5. Petitioner has brought to my notice communication No. 55615/SLMC2/03/RD, dated 2.12.2003 issued by the Addl. Secretary to Government on a query raised by the Revenue Divisional Officer, Kollam, wherein he has stated as follows:

The Revenue Divisional Officer, Kollam, in the letter referred above has requested clarification on the question whether the plinth area of car porch appurtenant to a building can be exempted as provided under Section 5(5) of the KBT Act.
Having examined the case in detail, Government hereby clarify that the plinth area of a car porch appurtenant to a residential building alone can be excluded as per the proviso to Section 5(5) of the KBT Act. But while calculating the plinth area of a building other than a residential building, the plinth area of a car porch cannot be excluded.
According to counsel for the petitioner this is clarification issued by the Government and going by the clarification, the plinth area of appurtenant structure being a car garage cannot be assessed. The clarification applies only to "appurtenant structure being a garage" and not garage being part of main structure. Therefore right or wrong the clarification does not help the petitioner as his garage is part of main structure. Moreover, I do not think Section 4(3) of the Building Tax Act authorises the Government to issue any clarification contrary to the charging Section. The above communication, which is contrary to Section 5(5) as explained above, is without any jurisdiction, and is only to be ignored.
In the circumstances, O.P. is devoid of any merit and the same is dismissed.

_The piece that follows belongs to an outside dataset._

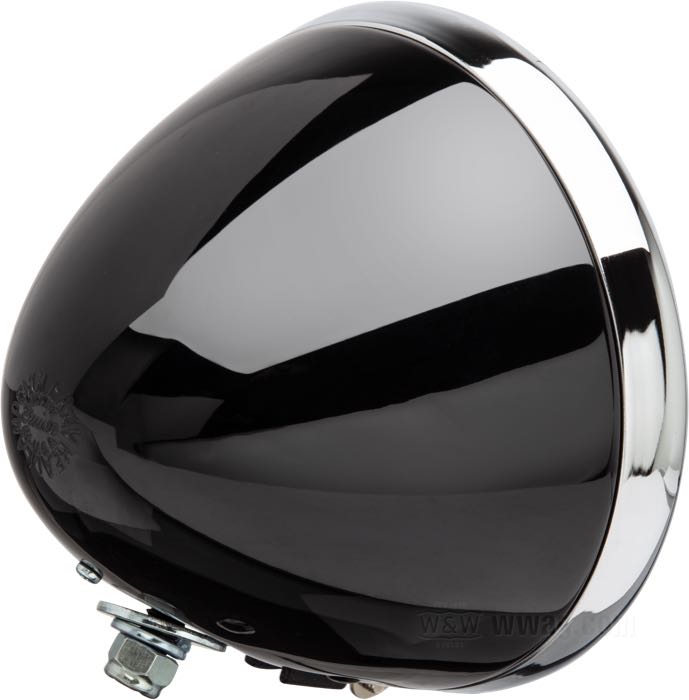 Scheinwerfer komplett; passend für Modelle 1935-1957 mit Springer-Gabel; Stahl, schwarz, lackiert, mit Cycle-Ray Stempelung im Gehäuse und Cycle-Ray Schriftzug und Nummer auf dem Glas; Länge: 135 mm; Ø 178 mm; für Scheinwerfereinsatz (Ø): 6-1/2”; Glühlampen-Typ: Spezial 2-Faden; 6 V; 35/35 W; Sockel: P30D/2517; Prefokus; mit 6 V Glühlampe; mit Lampeneinsatz; ohne Positionslichtfunktion; ersetzt OEM HD 67702-35; Bruttogewicht: 1.27 kg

In view of confusion created by the above communication of the Government, and the controversy often arising in building tax assessments, Registry is directed to forward a copy of this judgment to the Revenue Secretary to Government, who is directed to circulate the judgment among the revenue officials engaged in building tax assessment. I feel the Building Tax Act particularly Sections 3(1)(b), 5 and 6 need to be amended for smooth implementation.